Records to process ▸
== Segment start ==

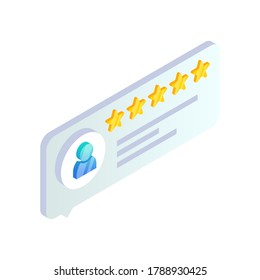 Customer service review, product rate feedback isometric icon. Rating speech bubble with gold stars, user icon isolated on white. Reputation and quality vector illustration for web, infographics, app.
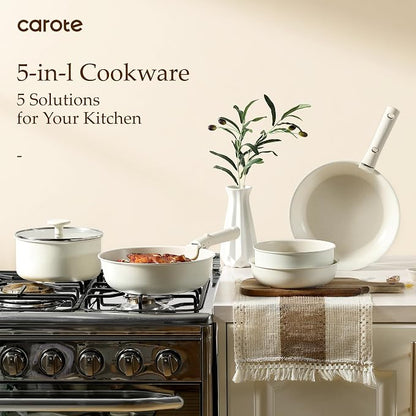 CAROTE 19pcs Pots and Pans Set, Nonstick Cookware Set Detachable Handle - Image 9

== Segment end ==
== Segment start ==

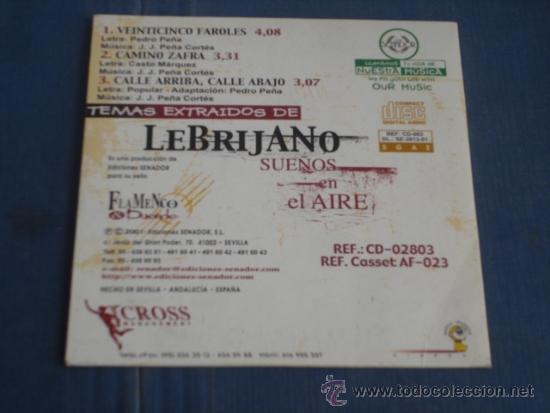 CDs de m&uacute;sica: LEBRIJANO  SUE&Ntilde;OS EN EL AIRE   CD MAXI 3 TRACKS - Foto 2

== Segment end ==

Work item ▸ Set down again, exactly, every line above from the one with "Customer service review, product" down to the one with "CAROTE 19pcs Pots", both ends included. No pictures, and nothing else.

Task output ▸
 Customer service review, product rate feedback isometric icon. Rating speech bubble with gold stars, user icon isolated on white. Reputation and quality vector illustration for web, infographics, app.
 CAROTE 19pcs Pots and Pans Set, Nonstick Cookware Set Detachable Handle - Image 9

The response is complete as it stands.